One of the most obvious benefits of having a dog on your farm is to assist you with herding your livestock. Whether you have cattle, sheep, goats, or poultry, a dog can help you move them from one place to another, keep them together, and prevent them from straying or escaping. A dog can also alert you of any problems or dangers that may arise with your animals, such as illness, injury, or predation.

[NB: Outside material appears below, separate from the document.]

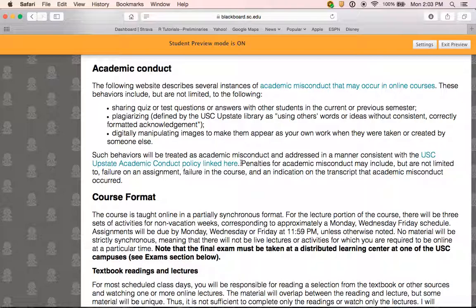Any instances of academic misconduct will be addressed consistent with USC academic conduct policy, linked on the syllabus. Penalties may include failure on the particular assignment, failure in the course, and an indication on your transcript that you were found guilty of academic misconduct. In practice, almost all instances of academic misconduct can be avoided simply by clarifying with the instructor whether something is allowed — for example, whether you can work with another student on an assignment. It's always better to ask me beforehand by phone or email.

Some breeds of dogs are naturally suited for herding, such as collies and shepherds. These dogs have a strong instinct to control and direct the movement of other animals, and they can learn to respond to your voice or whistle commands. However, any dog can be trained to herd with proper guidance and reinforcement. The key is to start early, be consistent, and reward your dog for good behaviour1.

Protection from Predators and Criminals

Farm dog protecting

Another benefit of having a dog on your farm is to protect you and your livestock from predators and criminals. South Africa has a high rate of farm attacks and murders23, which pose a serious threat to the safety and livelihood of farmers and their families. Dogs can deter potential attackers by barking, growling, or biting. They can also alert you of any suspicious activity or intruders on your property.

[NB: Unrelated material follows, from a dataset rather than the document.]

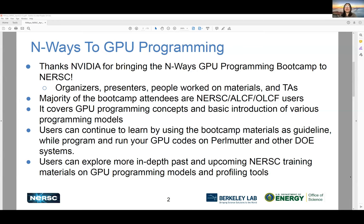The majority of bootcamp attendees here today are NERSC users, and some Argonne and Oakridge users as well. The topics today cover basic programming concepts on GPUs and a survey of various programming models supported by NVIDIA HPC SDK. After the bootcamp, when you lose access to the cluster provided by NVIDIA, you should be able to use materials from today — the Jupyter Lab or Colab with detailed instructions and explanations — and run your GPU codes on Perlmutter, Summit, Frontier, Aurora, Polaris, and some other DOE systems. I'd also like to point to a few more in-depth past and upcoming NERSC training materials that you can learn from on each of the topics presented today.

Dogs can also protect your livestock from wild animals that may prey on them, such as jackals, leopards, or baboons. Dogs can chase away or fight off these predators, or at least warn you of their presence so that you can take action. Some breeds of dogs are specially bred for guarding livestock, such as Anatolian shepherds or Boerboels. These dogs are large, strong, and fearless, and they bond with the animals they protect4.

Pest Control

A third benefit of having a dog on your farm is to control pests and vermin that may damage your crops or feed. Mice and rats can eat through your grain, seeds, or produce, and spread diseases to your animals or humans. Terriers are excellent at hunting down and killing these rodents, as they have a high prey drive and a keen sense of smell1. They can also dig up moles that may ruin your fields or gardens.

Dogs can also help you get rid of other pests that may harm your plants or animals, such as insects, snakes, or birds. Dogs can chase away or catch these pests, or at least alert you of their presence so that you can deal with them accordingly. Some dogs are even trained to sniff out pests that may be hidden or hard to detect, such as fruit flies or bollworms4.

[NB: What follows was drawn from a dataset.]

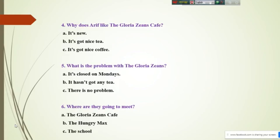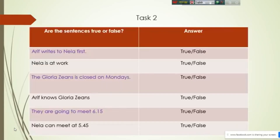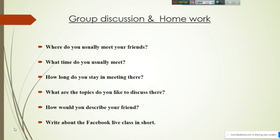These questions are very easy as it is the first class with you, so you have nothing to worry about. From the next class, we will try to give you more updated texts to solve. Anyway, let's go to Test 2.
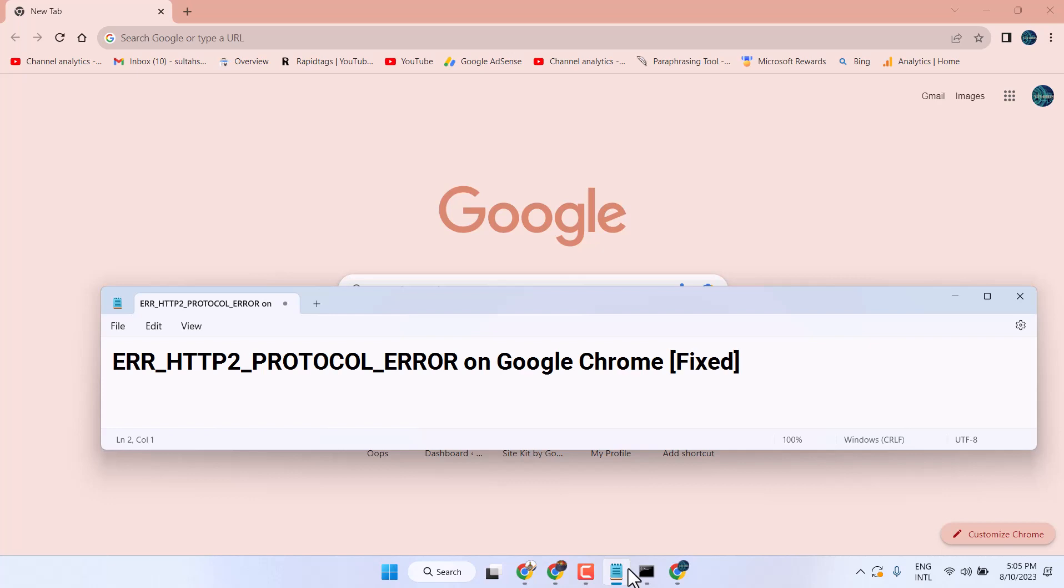In this video, I will show you how to fix the ERR_HTTP2_PROTOCOL_ERROR on Chrome. For the first method you can try:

A fourth benefit of having a dog on your farm is to provide you with companionship and emotional support. Farming can be a lonely and stressful occupation, especially if you live in a remote area or work long hours. Dogs can offer you unconditional love, affection, and loyalty. They can also make you happier, less stressed, and more productive by providing you with exercise, entertainment, and social interaction5.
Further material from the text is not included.